Exact wording is needed for every line from the one holding "Platinum 1.50ct Princess" to the end of the records below; write those lines out and omit the pictures.

(Items from a dataset)

┌────────

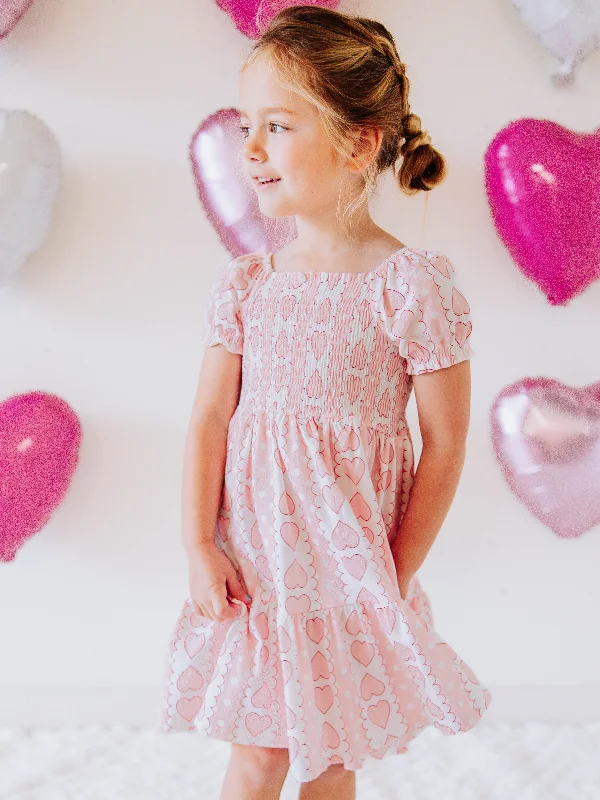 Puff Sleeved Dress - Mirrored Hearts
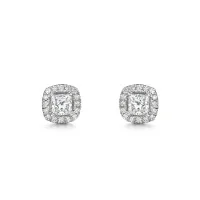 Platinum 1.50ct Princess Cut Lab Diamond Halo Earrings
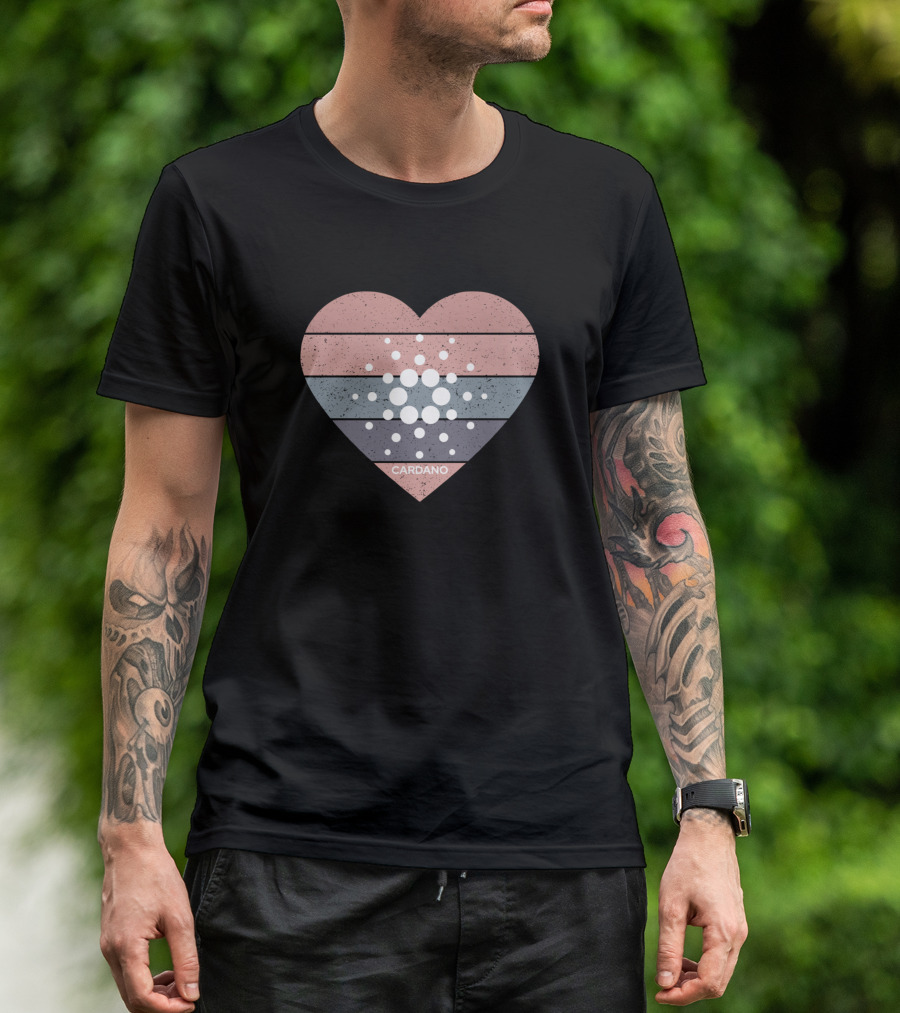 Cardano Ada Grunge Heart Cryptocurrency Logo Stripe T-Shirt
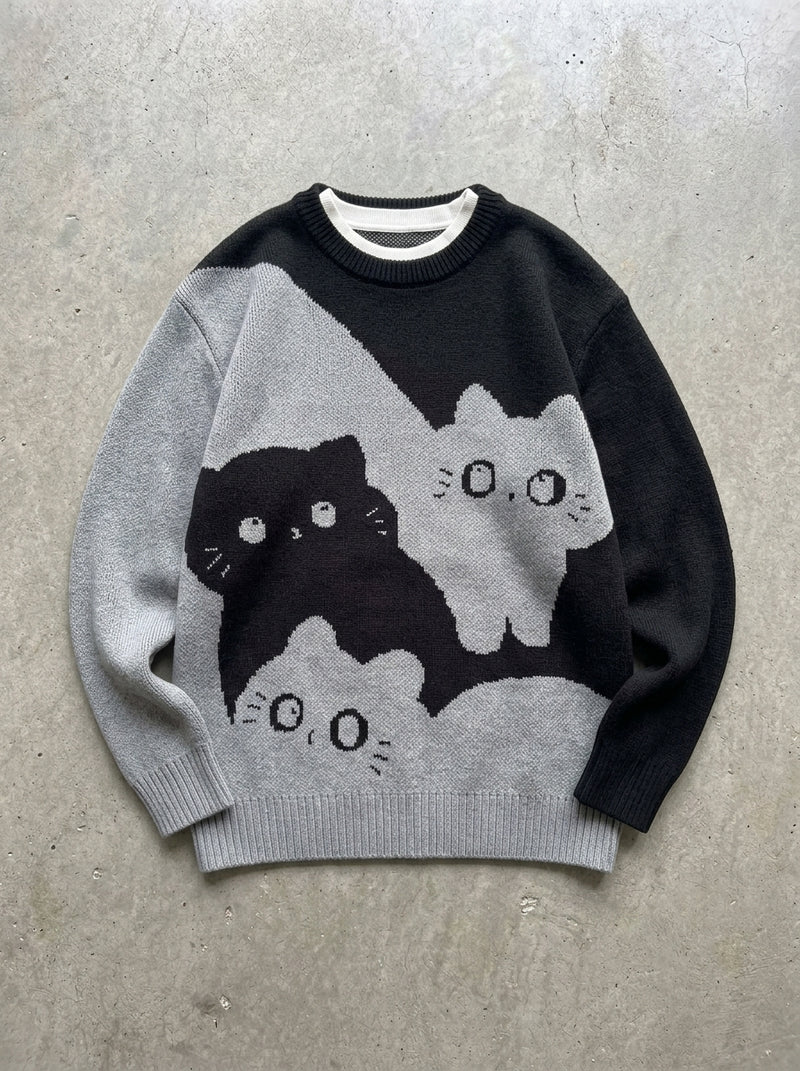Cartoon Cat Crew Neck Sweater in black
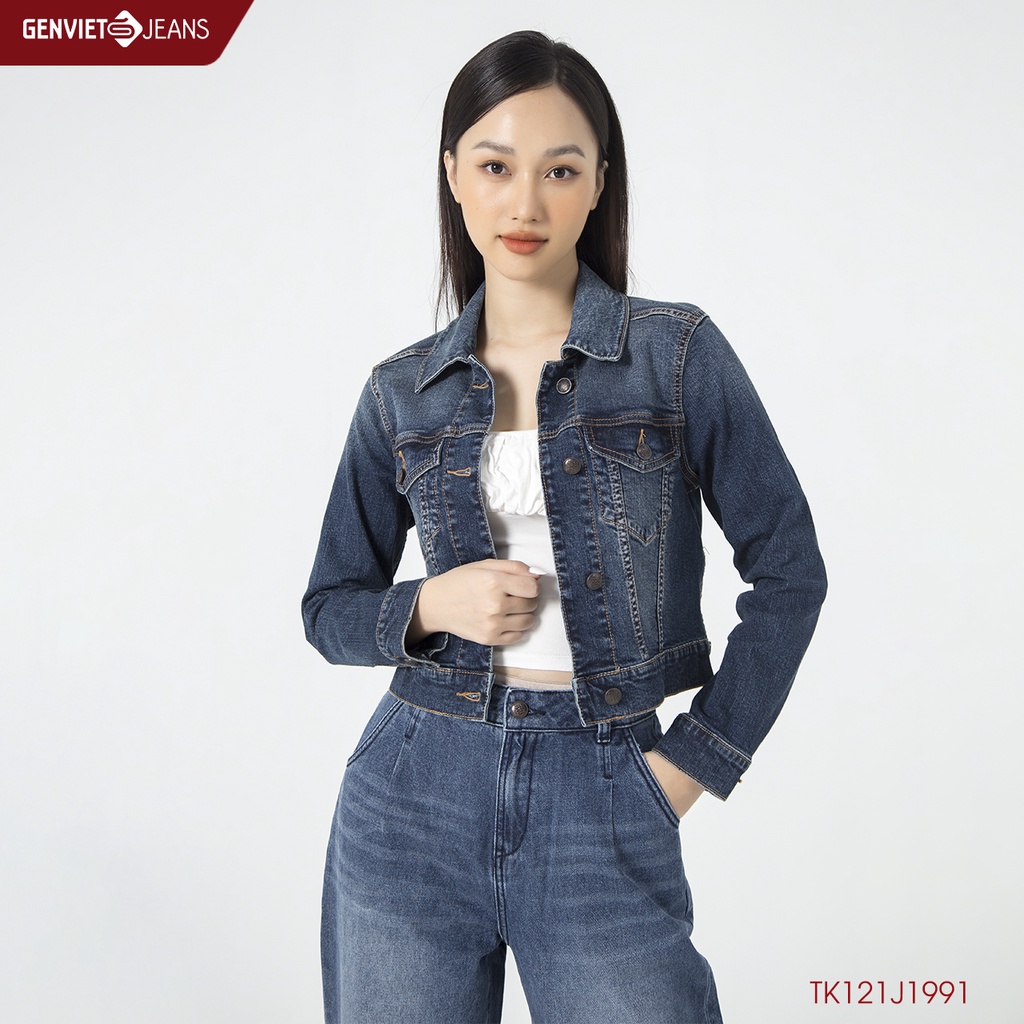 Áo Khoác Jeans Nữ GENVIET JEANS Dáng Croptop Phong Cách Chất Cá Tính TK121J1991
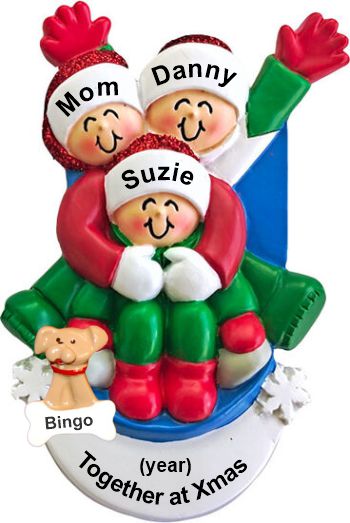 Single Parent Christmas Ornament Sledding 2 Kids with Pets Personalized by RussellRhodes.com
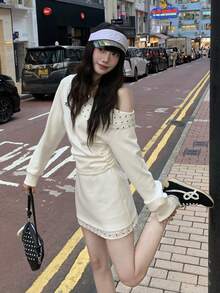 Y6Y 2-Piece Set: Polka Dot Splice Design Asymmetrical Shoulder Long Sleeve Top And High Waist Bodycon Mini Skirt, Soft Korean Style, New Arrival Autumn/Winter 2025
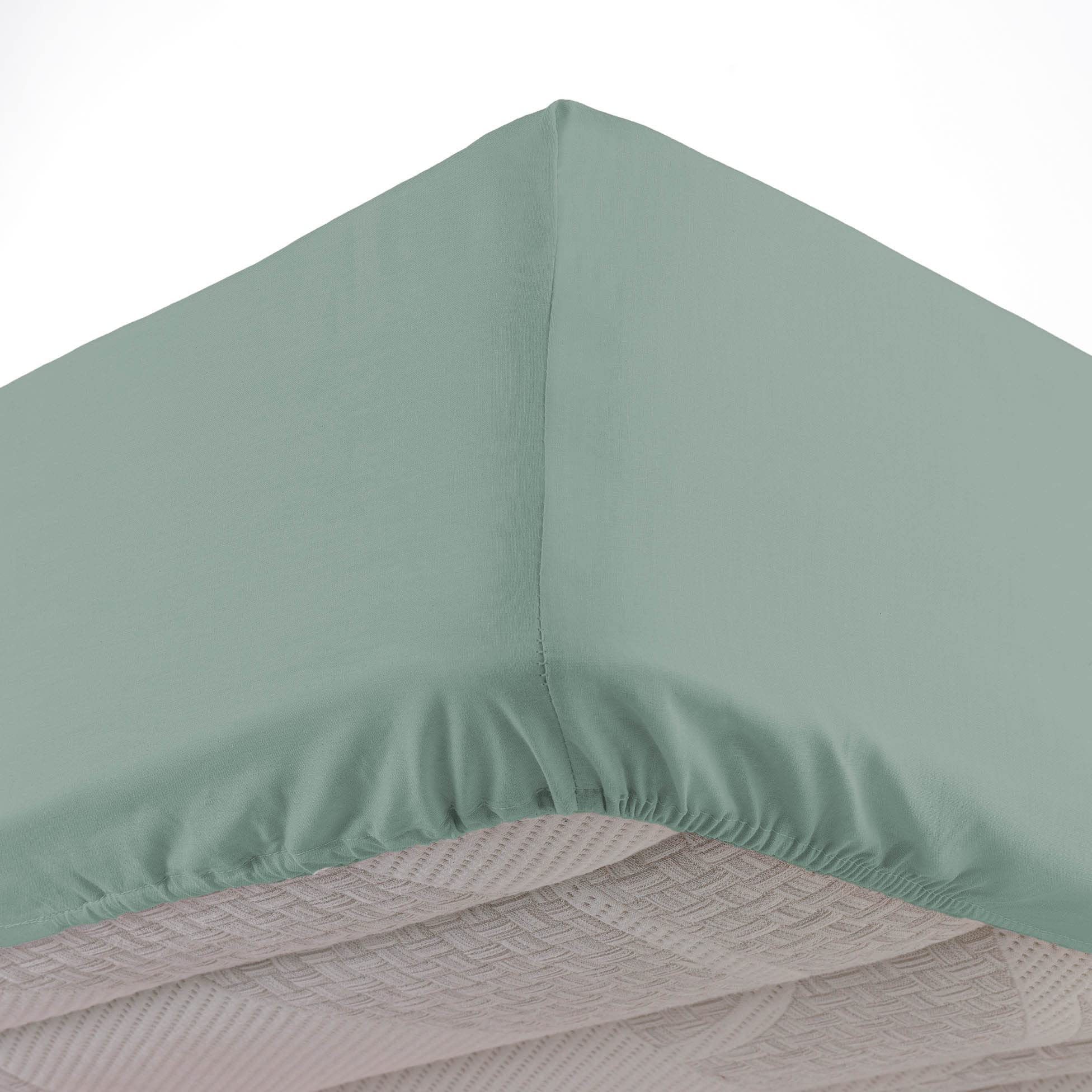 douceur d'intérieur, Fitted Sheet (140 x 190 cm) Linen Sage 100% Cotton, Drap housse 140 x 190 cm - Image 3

└────────

**Written response:**
 Platinum 1.50ct Princess Cut Lab Diamond Halo Earrings
 Cardano Ada Grunge Heart Cryptocurrency Logo Stripe T-Shirt
Cartoon Cat Crew Neck Sweater in black
 Áo Khoác Jeans Nữ GENVIET JEANS Dáng Croptop Phong Cách Chất Cá Tính TK121J1991
 Single Parent Christmas Ornament Sledding 2 Kids with Pets Personalized by RussellRhodes.com
 Y6Y 2-Piece Set: Polka Dot Splice Design Asymmetrical Shoulder Long Sleeve Top And High Waist Bodycon Mini Skirt, Soft Korean Style, New Arrival Autumn/Winter 2025
 douceur d'intérieur, Fitted Sheet (140 x 190 cm) Linen Sage 100% Cotton, Drap housse 140 x 190 cm - Image 3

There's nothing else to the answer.